A large part of the debate as Bolton Wanderers look to hire a new manager is whether the club would be better off with one of the old, familiar names or if they should look for a breath of fresh air. There is a lot of risk in the latter as these managers are largely unproven outside of their leagues but could bring in considerable reward. New ideas, new styles of play, and a new approach to management are all part of the appeal.
Former Bolton defender Simon Charlton knows what he wants to see from his old club as they move forward. Charlton, now 40 years old, spent his career at Huddersfield Town, Southampton, Norwich City, Birmingham City, Bolton Wanderers, and a couple others before settling into retirement just two years back.
Speaking to the Bolton News, Charlton said:
"Whenever a job comes up, it gets quite frustrating to see the same old, same old names connected. I've dealt with Ole [Gunnar Solskjaer] a few times since he has been at Molde and anyone who goes to his first club and wins the championship for the first time in the club's history must have something about them.
"People might say ‘it's only Norway' but for me it doesn't matter. If he can get the best out of those players, he can get the best out of Bolton's players, and it's not as if he hasn't got pedigree himself."
Ole Gunnar Solskjaer has quickly emerged as a favorite among the fans with speculation surrounding him and betting odds being dramatically slashed.
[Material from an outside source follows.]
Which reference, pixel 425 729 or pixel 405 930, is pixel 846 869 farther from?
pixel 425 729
"I'd really like to see someone fresh given a chance. I don't necessarily mean pluck someone out of thin air and give them a first-time job but if you look at Ole, he could bring fresh ideas and a different way of thinking because it hasn't been too long since he hung up his boots.
"He obviously has a great relationship with Sir Alex down the road, plus he will have a grasp of the European game and be able to tap into players that the club might not come across ordinarily."
"It's not easy for Phil Gartside or the owner because there is a lot of internal pressure to get promotion this season. It might be tempting to go for an experienced manager, who could probably turn things round in the short term, but what then?
"It's a sticky wicket because if they have failed at their last two clubs, what kind of guarantee is there that they can turn Bolton round at all?
"For the good of the game - and I don't just mean Bolton here - I think clubs have got to start bringing managers in who have fresher ideas and give players an opportunity to come through and get into that side of the game."